Consider this timing: American Axle & Manufacturing (NYSE:AXL) ended a strike by persuading workers to accept a contract that includes significant pay cuts. A month later, management announced its decision to give bonuses to executives, including a multimillion-dollar award for the CEO.

After the markets close on Fridays is always a time when you'll find companies trying to slip by some news that they'd rather people didn't notice, and American Axle didn't disappoint. The parts supplier whose strike caused its largest customer, General Motors (NYSE:GM), to idle around 30 plants because of parts shortages, filed a notice with the SEC on Friday that it had granted lavish bonuses to its top executives, including $8.5 million for CEO Richard Dauch.

Strip away the corporate legalese, and management's essentially saying that it postponed the bonuses because it didn't want to be forthright in giving away millions of dollars to executives at the same time the guys on the shop floor were being forced to take pay cuts. And when you're giving away as much as American Axle did here, you sure as heck want as few people as possible knowing about it.

In contrast, the contract the workers got stuck with includes cuts that slashed most of their wages from $28 an hour to somewhere between $14.35 to $18.50. One of the primary reasons the deal got done was because GM kicked in $18 million on top of the $200 million American Axle was contributing for buyouts and such.

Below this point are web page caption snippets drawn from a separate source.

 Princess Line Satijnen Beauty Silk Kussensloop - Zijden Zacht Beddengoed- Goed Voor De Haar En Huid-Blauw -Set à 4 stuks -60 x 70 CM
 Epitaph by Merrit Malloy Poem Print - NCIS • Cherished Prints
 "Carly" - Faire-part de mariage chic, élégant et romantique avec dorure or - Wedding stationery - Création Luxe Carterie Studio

I wonder if GM CEO Rick Wagoner knew that at a time when his company is losing its place amid the top of the auto world to Toyota (NYSE:TM), and his company sits within striking range of bankruptcy along with Ford (NYSE:F), his cash infusion would fund sumptuous bonuses for American Axle's management.

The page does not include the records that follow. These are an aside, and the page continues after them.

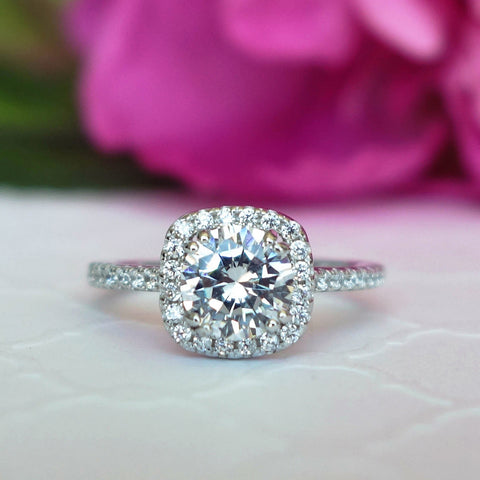 3/4 ctw Square Halo Ring - 10k Solid White Gold, 30% Final Sale, Sz 5
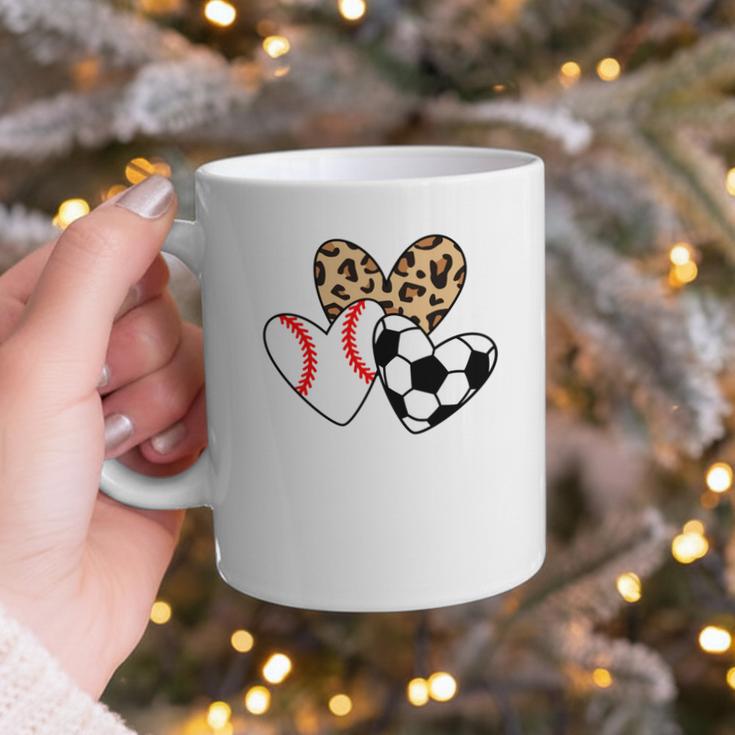 Soccer Baseball Heart Soccer Baseball Mom Graphic Print Coffee Mug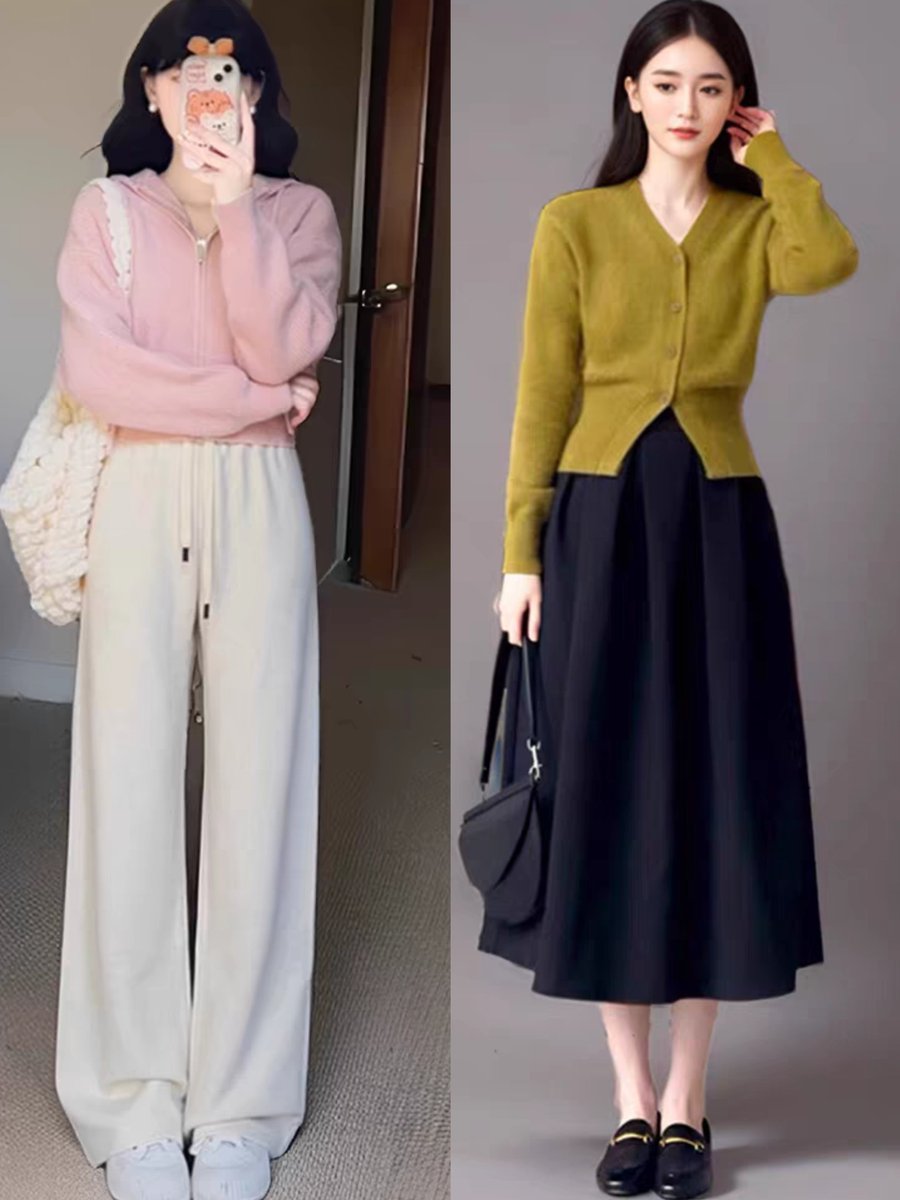 path_carol__510's tweet photo. [New season vibe = soft skirt + cozy jacket, no need for fancy metal pieces – comfy u0026 stylish everyday look!]， https://t.co/c3lDTQfmr4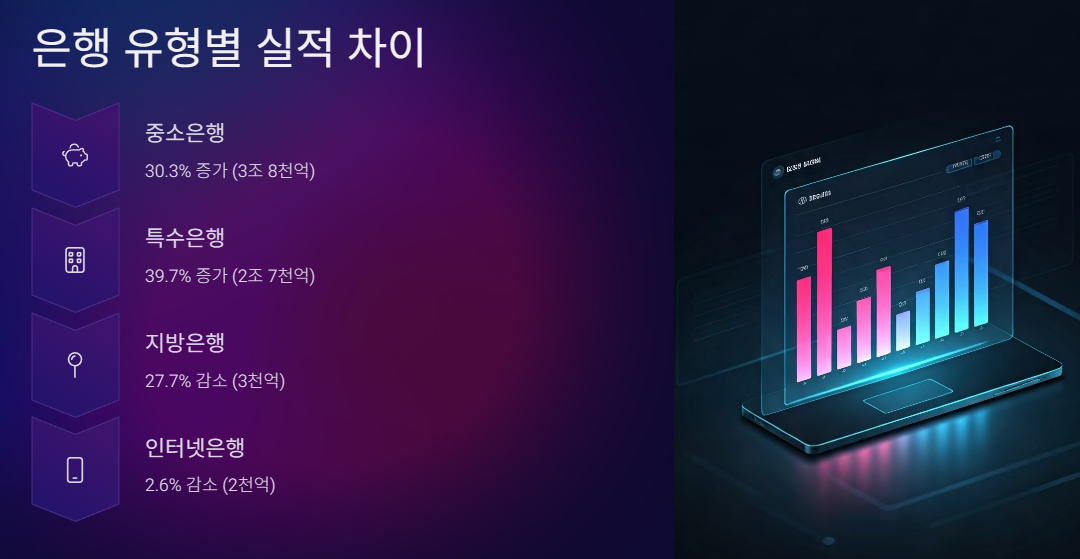 은행 유형별 실적 차이와 주요 원인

Don't get me wrong, I'm not a particularly strong fan of unions; I believe they have been a large part of what has led to manufacturing's decline in this country. Moreover, I'm also not in favor of imposing caps on management salaries, nor having politicians determine what is appropriate compensation for executives. When Countrywide Financial's (NYSE:CFC) Angelo Mozilo was hauled before Congress recently to answer about his pay, I said he had nothing to apologize for to the politicians, even if shareholders were owed a lengthy explanation. In fact, it's ultimately for shareholders to decide what management gets paid, if only they would take their ownership stakes more seriously and vote their proxy statements accordingly.

Yet when management goes into negotiations with its unions hat-in-hand, and imposes drastic pay cuts on line workers -- most of whom don't have the luxury of company-paid-for cars, meals, and personal umbrella insurance policies -- it galls at the sense of fairness. The company said the bonuses, to Dauch in particular, were because of leadership during the often acrimonious strike with the union. Well, that's what a CEO is supposed to be doing.

This is no way to run a railroad or a car-parts supplier, and shareholders ought to remember this when it's time to reelect directors at the next annual meeting.